== Supplied material ==
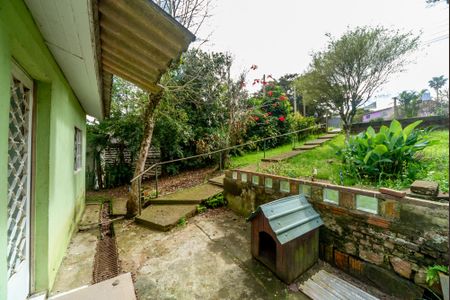 Área externa de casa para alugar com 2 quartos, 50m² em Tarumã, Viamão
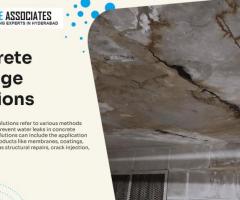 Concrete Leakage Solutions in Hyderabad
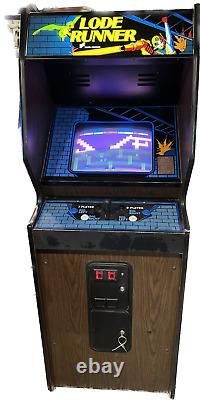 Ultra Rare Collector's Dream 1984 Irem Lode Runner Upright Video Arcade Machine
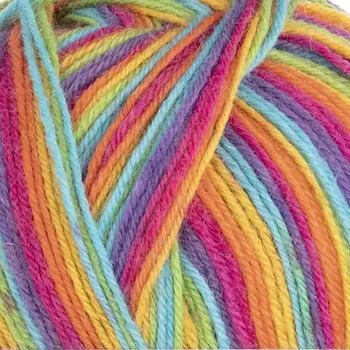 Příze Novita Viola Raita 980 Duhová (Ponožková příze Viola Raita Regenbogen)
===
What you should do: Leave the pictures out. Otherwise, output the listing above exactly.

Reply:
 Área externa de casa para alugar com 2 quartos, 50m² em Tarumã, Viamão
 Concrete Leakage Solutions in Hyderabad
 Ultra Rare Collector's Dream 1984 Irem Lode Runner Upright Video Arcade Machine
 Příze Novita Viola Raita 980 Duhová (Ponožková příze Viola Raita Regenbogen)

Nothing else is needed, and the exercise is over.